Big Lots Inc. (NYSE:BIG) is a discount retailer with over 1,400 locations in 47 states across the US. Similar to other retailers such as Costco, Walmart, and BJ’s, Big Lots offers an array of merchandise categories such as furniture, seasonal, consumables, electronics and toys. The company primarily operates through its brick-and-mortar locations as there is little information about their e-commerce sales online.
For the second quarter in a row, the company has fell short on adjusted earnings per share compared to Zack’s Consensus Estimates. The expectations for the second-quarter were 67 cents a share, but the company reported a 12% decline year-over-year with adjusted earnings per share at 59 cents.
The company’s net sales also fell short of consensus estimates coming in at $1,222.2 million compared to the consensus estimate of $1,233 million. Compared to this quarter last year, net sales has not grown significantly, only about 0.2% year-over-year. Additionally, gross profits decreased to $491.4 million, which is down 0.2% year-over-year.
The retail giant has not had the best year so far, with price declining over 20% through the last 6 months, whilst the industry saw growth of about 18% on average. Following a disappointing second-quarter results for the retailer, Big Lots Inc. shares slid over 10% in reaction to the news. It is obvious that other retailers and e-commerce are snagging market share from Big Lots left-and-right, meaning they must change something to compete.
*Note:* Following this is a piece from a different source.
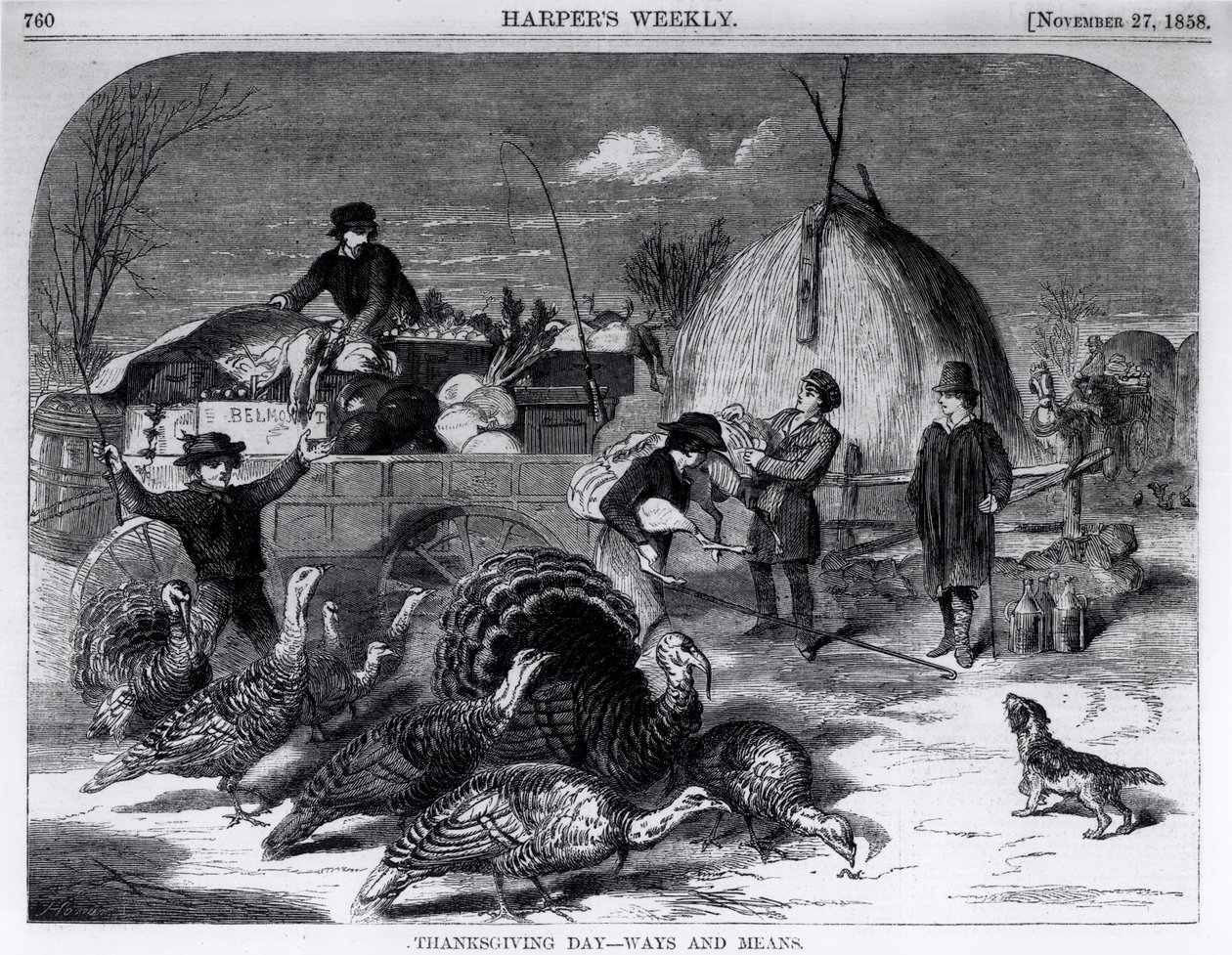 Thanksgiving Day: Ways and Means, från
We’ve seen a mix of expectation beating and expectation lagging quarterly results these past few weeks from the retail sector. What is becoming obvious is that the retailers who are focusing on their e-commerce and online presence are generally doing better than those with no explicit focus on such. This is the age of technology and retailers must think of innovative ways to attracting and selling to customers digitally.